[Task item]: The requested output is every line from the one with "Dazi UE-USA: Tajani" through the last line below, printed exactly.
'''
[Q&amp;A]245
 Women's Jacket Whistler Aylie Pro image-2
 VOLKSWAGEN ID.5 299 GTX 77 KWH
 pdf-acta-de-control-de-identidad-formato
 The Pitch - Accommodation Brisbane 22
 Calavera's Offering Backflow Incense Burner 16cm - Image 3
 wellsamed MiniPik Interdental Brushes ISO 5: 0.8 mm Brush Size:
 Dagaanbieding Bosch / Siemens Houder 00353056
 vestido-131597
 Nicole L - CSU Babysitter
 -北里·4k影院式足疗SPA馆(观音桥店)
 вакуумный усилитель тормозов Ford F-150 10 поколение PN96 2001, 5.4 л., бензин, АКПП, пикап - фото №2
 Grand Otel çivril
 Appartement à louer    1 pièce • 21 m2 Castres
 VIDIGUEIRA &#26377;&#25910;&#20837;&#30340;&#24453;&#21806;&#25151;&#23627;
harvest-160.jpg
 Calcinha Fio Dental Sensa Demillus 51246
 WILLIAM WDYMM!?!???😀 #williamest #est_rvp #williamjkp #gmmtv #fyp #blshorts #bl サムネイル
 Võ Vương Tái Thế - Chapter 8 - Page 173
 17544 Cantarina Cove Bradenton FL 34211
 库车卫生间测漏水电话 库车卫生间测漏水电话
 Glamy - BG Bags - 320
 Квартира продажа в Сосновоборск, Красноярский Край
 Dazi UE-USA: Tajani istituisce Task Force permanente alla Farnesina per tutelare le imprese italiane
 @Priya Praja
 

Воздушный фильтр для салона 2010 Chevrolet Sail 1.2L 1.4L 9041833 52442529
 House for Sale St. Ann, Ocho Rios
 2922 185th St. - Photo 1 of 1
'''
[Response area]:
 Dazi UE-USA: Tajani istituisce Task Force permanente alla Farnesina per tutelare le imprese italiane
 @Priya Praja
 

Воздушный фильтр для салона 2010 Chevrolet Sail 1.2L 1.4L 9041833 52442529
 House for Sale St. Ann, Ocho Rios
 2922 185th St. - Photo 1 of 1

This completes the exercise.